4.) You will spill coffee (hot or cold, doesn’t matter) on yourself if, and only if, you wear a freshly pressed white blouse to the office.

5.) If you are the working mom of an infant, you will discover a cascade of dried spit-up on the back of your jacket, but only after you’ve worn it for at least two hours (or to at least one meeting).

6.) Any electronic device that’s absolutely necessary to your sanity will be a.) missing or b.) out of batteries when you most need it.

7.) If you carry a purse, you will always have some sort of kid-type food in it, which you will discover when you are looking for something, like your ID. What you will not have in it is whatever you were actually looking for, like your ID.

8.) You will slave over an amazing meal that the kids won’t touch, and you will throw together a last-minute “gotta get them fed” meal that they devour.

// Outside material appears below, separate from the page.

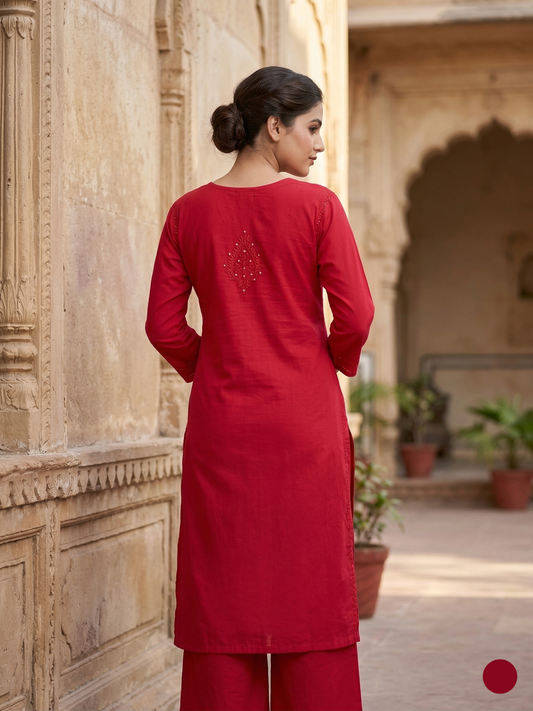 Woman in a red traditional outfit standing in an architectural setting with plants.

9.) If you are a nursing mother who is pumping at the office, your pump will be loud — teeth-grittingly, terribly loud — no matter which kind you buy or what you do to muffle it.

10.) You will go to work more than once with a sticky, kid-applied kiss on your cheek — and you deliberately won’t wash it off.

Do you have a law to add to the list? Leave it in the comments!

1 comment:

Anonymous said...

And for those with older children:

1. The less homework they say they have, the later you stay up fixing the computer, finding lined paper, making sure cellphones are off and that they actually get some sleep.

2. The more important the question, the more likely you will be asked in a car three minutes before arrival, requiring a suddenly blank mind to produce concise, objective answers worthy of producing desired behavior in a teenager.

3. All romantic notions formerly entertained when spotting cute couples holding hands turn on their heads the first time your child is seen handholding.

4. A hug from a teenager is even better than hearing a baby laugh. Really.